Nevertheless, here I was on this page of letter box locations, and one of them jumped out to my eye--a letter box in Albany County, ostensibly the first letter box placed in Wyoming, put there by none other than Randy himself. So I read the description, and my nearly instant reaction was that the clue/description looked almost impossible to make sense of. I started to close the page down and get back to work, and as I was doing that, a thought flashed up, I looked at the description again, got out some topos, and after a couple of minutes I was satisfied with a high degree of certainty that I knew where the box was--or where it had been. Who could know if it was still there after 17+ years.

So the control I stopped at was where I thought the box would be. There were two similar features very close to each other, both appearing on the Bisbee Hill map, but only one on the USGS quad, and it seemed to me the box should be at the feature that was only on the O' map.

There wasn't much area to search and I wasn't exactly sure what I should be looking for, but just vaguely something that didn't look quite right or was out of place, since the boxes themselves are hidden. After a few minutes of a decent search, I moved over to the feature shown on the USGS quad and searched there, too, and also drew a blank--and besides I was still thinking it should have been on the first feature anyway. So I returned to it and looked again. It bothered me that the was a fire ring at one side of the feature--the fire ring was of some indeterminate age, looking neither fresh nor really old. It well could have been made after the letter box was placed, and perhaps one or more of the stones of the fire ring had been hiding the letter box, and therefore the letterbox had been revealed and removed.
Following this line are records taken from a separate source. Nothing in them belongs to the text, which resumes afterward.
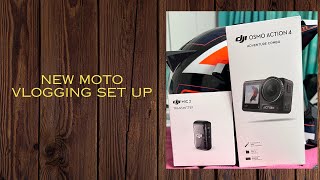 New Moto Vlogging Set up [upl. by Yelsiap]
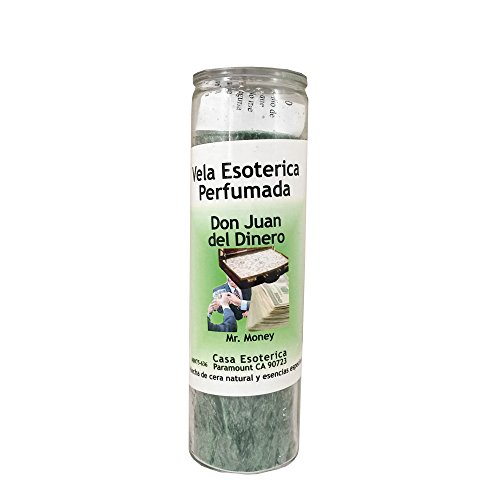 INDIO SPRITIUAL Palm Oil Candle-Mr. Money Esoteric Palm Oil Wax Candle(Don Juan DEL Dinero)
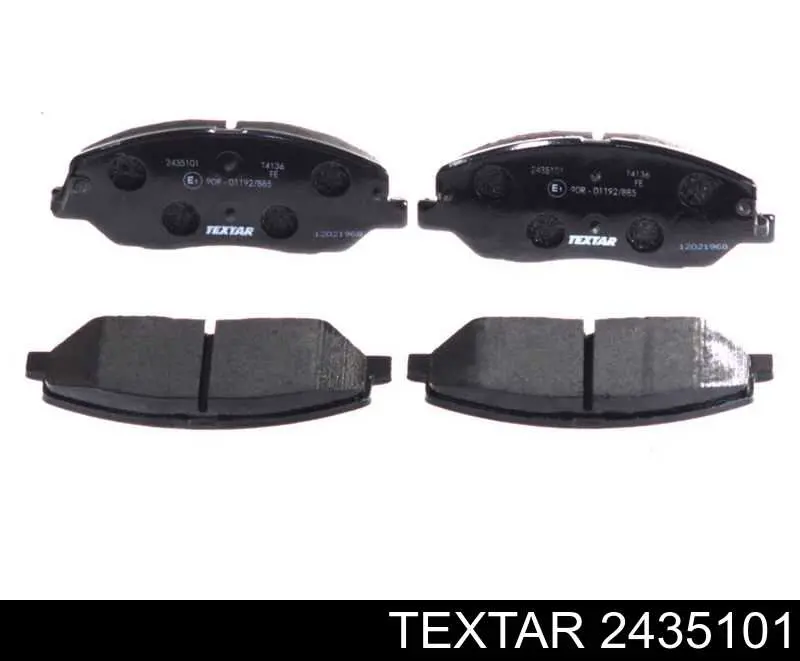 Klocki hamulcowe przednie tarczowe Textar 2435101 cena, od 26,04 USD
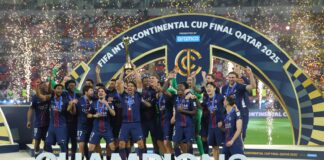 باريس سان جيرمان يتوج بلقب كأس القارات للأندية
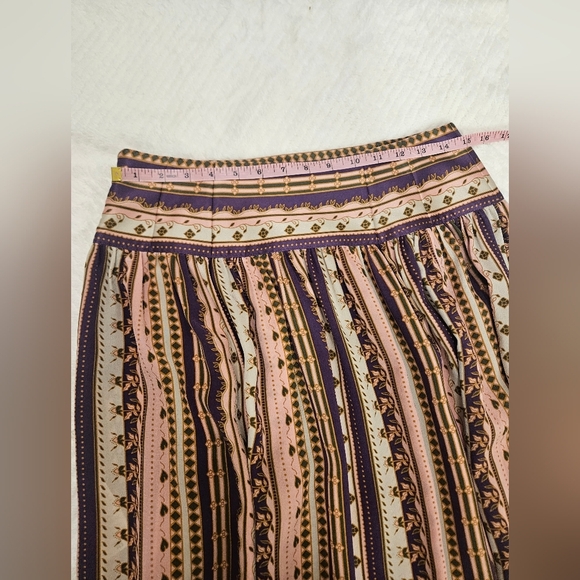 Tory Burch Midi Burnout Silk Pleated Skirt Size 6 Preppy,Office,Feminine, Floral - Picture 8 of 11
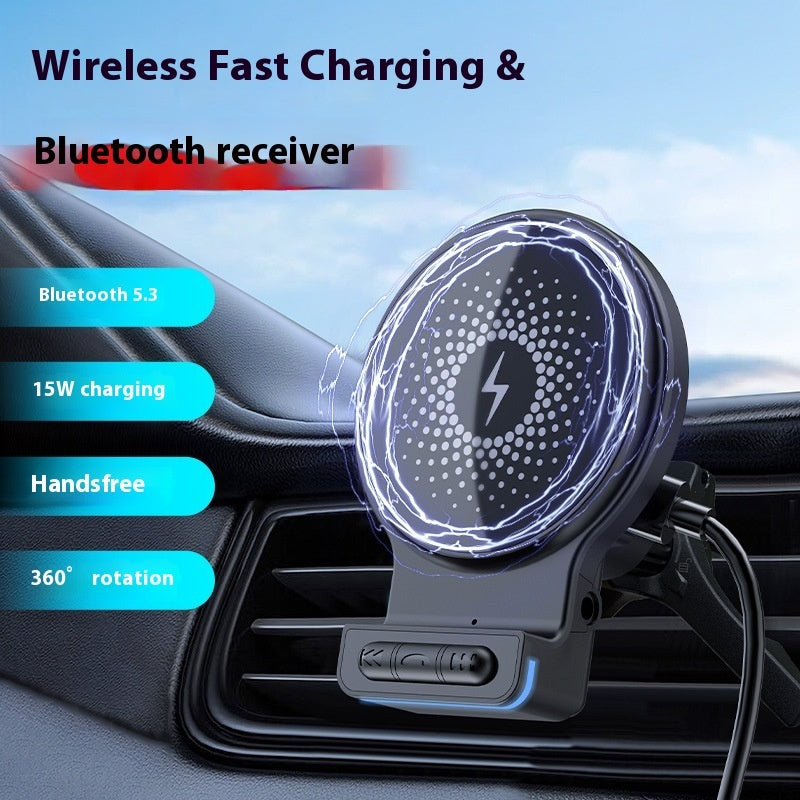 Car Magnetic Wireless Charger 15W Convenient Charging Bracket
I found one flat rock under a tree that was hard to get to and which, when I looked at it harder, looked like it could be moved. Because of some stubby branches low to the ground, it was hard to get to, and I scratched up one finger and opened up a small cut getting to the stone, but I did get to the stone, and it was loose. I moved it aside and scraped away at the dirt underneath where it had been and found...nothing. No letterbox and yet I was encourage--I had drawn blood! True, it was my own blood, but still, you take what you can get.

Now it seemed like I had exhausted the possibilities, and I for sure wasn't going to just start trying to dig up the whole area with my hands. I took one more really quick look, and as I was about to abandon the hunt and return to O', I noticed one other rock that looked ever so slightly out of place, but really mostly just like all the other stones in what was relatively stony ground. I decided to give the rock a try--at least there was nothing to scratch myself on--and then start running again.
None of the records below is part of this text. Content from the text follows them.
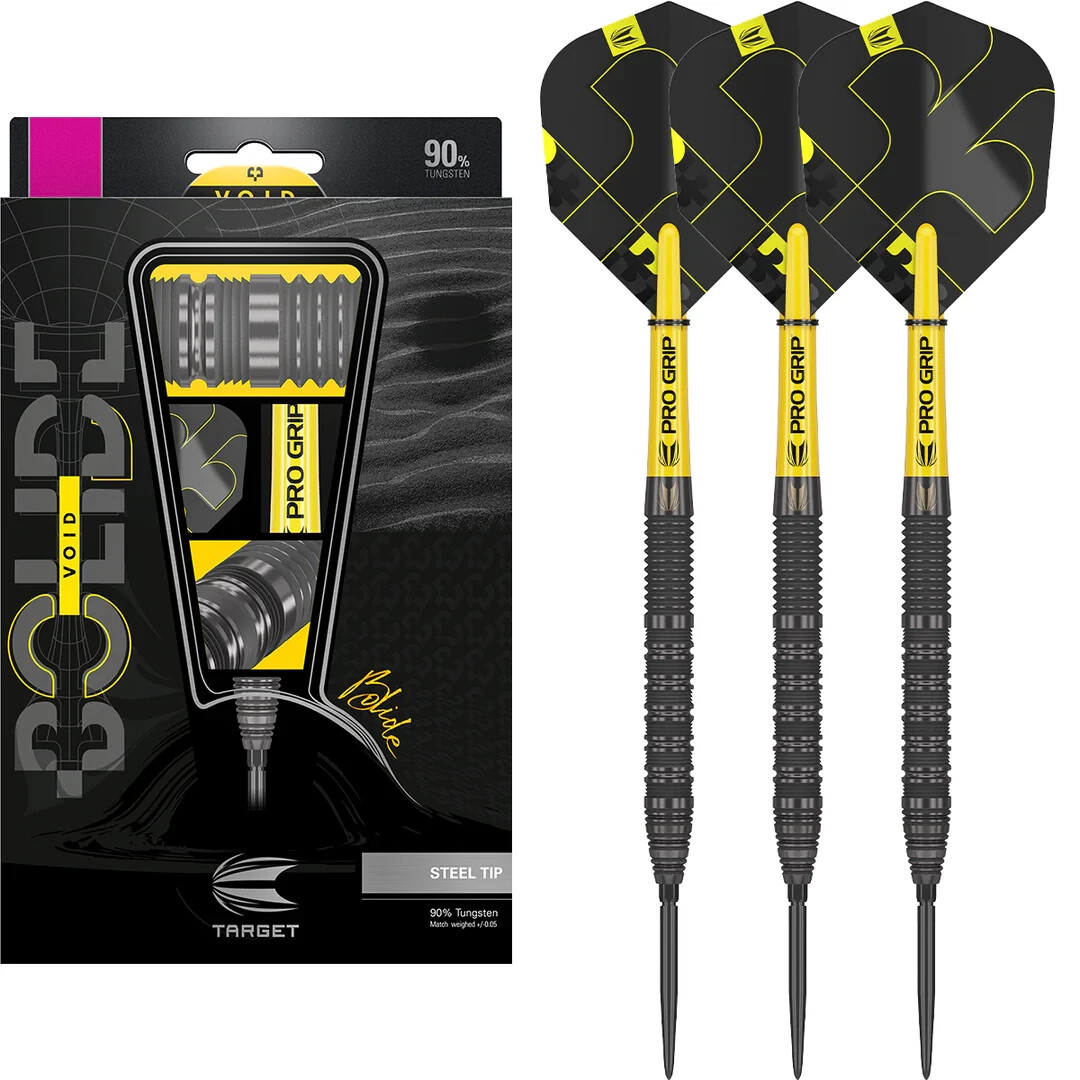 25 Gram TARGET BOLIDE VOID 01 90 TUNGSTEN STEEL TIP DARTS WITH SWISS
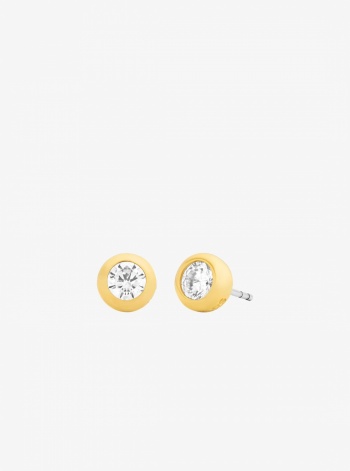 Michael Kors Round Stone Stud Earrings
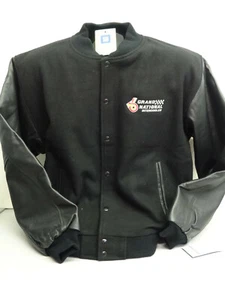 CHAQUETA BUICK TURBO GRAND NATIONAL LANA NEGRA/CUERO LETTERMAN CON LICENCIA DE GM - Imagen 1 de 3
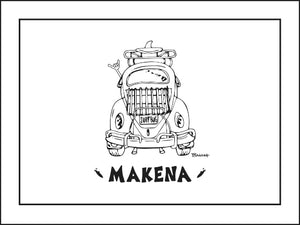 MAKENA ~ SURF BUG ~ CATCH A LINE ~ 16x20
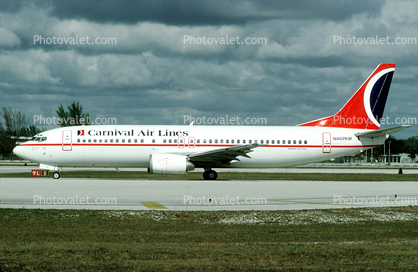 N407KW, Boeing 737-4Q8, Carnival Air Lines CAA, CFM56, 737-400 series, CFM56-3C1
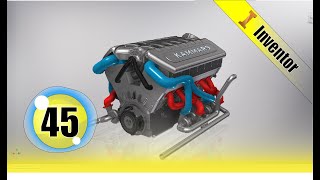 Autodesk Inventor V12 engine | EP 45 4K 😍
The rock was easy to move aside, but there was just fine granite gravel and sand underneath and no sign of any disturbance, but when I brushed some of it away, I immediately caught sight of part of a piece of blue plastic, which proved to be the letterbox. Success!

I opened it up, and there was a stamp that Randy had made, and a little paper pad that people could use to note they had been there, and nothing else. The only marking left on the paper pad was from one group from Colorado (I think it was), who had found the box, and had returned 8 years later to stamp it, claiming they had been the first to find the box. All the other (few) letter boxes I've been to had something to write with, but this one didn't, and I didn't have a pen or pencil with me, so when I closed the box up and returned it to its hiding place, there was nothing to indicate I had ever been there. Maybe others had also been there and not signed or stamped the notepad, but the way things looked, it really looked like it had not been disturbed in any way for a long while. Maybe there are very, very few people that go looking for letter boxes in Wyoming. There certainly weren't many out looking where I was on this very windy day in April in SE Wyoming.

Then I finished up the course, and warmed down by jogging around for a short bit while picking up some beer cans.